Italia
ROBERTO CAMBI
L’oracolo da cui l’opera prende spunto potrebbe essere l’oracolo di Delfi, perno della vicenda di Edipo. Ma fulcro dell’opera non è l’oracolo in sé, bensì la pedana, sulla quale è necessario posizionarsi in modo esatto, in attesa di una risposta alle proprie domande.
Al visitatore è richiesto di aspettare l’attivarsi dell’ingranaggio. L’attesa è variabile e può durare qualche minuto.
Qui intravediamo il riferimento ad un altro mito, il mito di Telemaco e di Penelope, in paziente attesa del ritorno del padre e del marito, di Ulisse.
Nell’epoca delle incertezze, l’opera propone una rilettura del presente rifacendosi ai miti in chiave contemporanea. Fermarsi, ascoltare in silenzio le domande che arrivano dal profondo, attendere una nuova parola, la voce che arriva dal nucleo più genuino che risiede dentro ognuno.

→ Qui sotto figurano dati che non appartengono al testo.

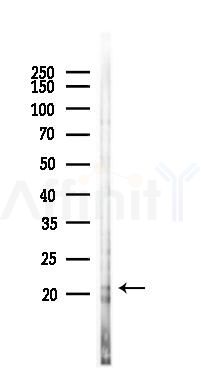 CRYGC Antibody - Western blot analysis of lysates from PC12 cells(LPS 4h treatment), using CRYGC Antibody at 1/1000 dilution.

Sulla pedana si è soli di fronte a se stessi, l’oracolo è un pretesto, quello che conta è l’attesa. La vicenda di Edipo, che inizia con l’interrogazione di Laio nei confronti dell’oracolo si conclude con Edipo accecato, che solo nella cecità potrà ritrovare se stesso. La vicenda della casa di Ulisse si conclude con un ricongiungimento, premio della capacità di sapere attendere.
L’opera chiede al visitatore di salire sulla pedana con il corpo di un giovane Edipo, con l’anima paziente di Penelope e con lo sguardo di Telemaco, rivolto al mare.